Correlating this movement with the representational framework of teachers’ knowledge mentioned above, a representational division has been found regarding the perception of value attributed throughout the time to the professional knowledge of these two groups of teachers: pedagogical knowledge has been seen as essential for generalist teachers at elementary level, compared to the supremacy of content knowledge associated with teachers of subjects at subsequent levels. Thus, it is understandable that most TAs initially limited their membership to second and third cycle and secondary education teachers, according to the terminology introduced by the Framework Law of 1986. Mathematics and Physical Education were pioneers in including first cycle teachers. The successive changes in the design of curriculum areas also influenced the associative movement’s outlines and geographies.

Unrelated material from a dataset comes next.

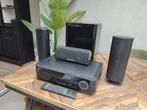 harman kardon 2.1 set, Ophalen, Gebruikt, Overige merken, Blu-ray-speler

This subject-based approach that marked the creation of TAs led to the development of a tradition of autonomy, whereby each association is mainly concerned with the promotion of its subject among its members, and with the recognition of labour and curriculum conditions by the ME, evident in the struggle for the workload of the respective subject and its relative importance in transition/retention policies. This situation did not encourage collaborative movements, except for some occasional initiatives, such as the creation of the Inter Teachers’ Associations Secretariat (SIAP), in 1992, which organised some meetings and produced a few publications (Abrantes, 1994), and of the National Federation of Modern Language Teachers’ Associations (FNAPLV)7, founded in 1989. Conversely, curriculum design and assessment policies were often a source of conflicts between subjects and their TAs, configuring what Michael Apple (2019) refers to when he draws attention to the power conflicts between the curriculum subjects, using the metaphor of the “arena”.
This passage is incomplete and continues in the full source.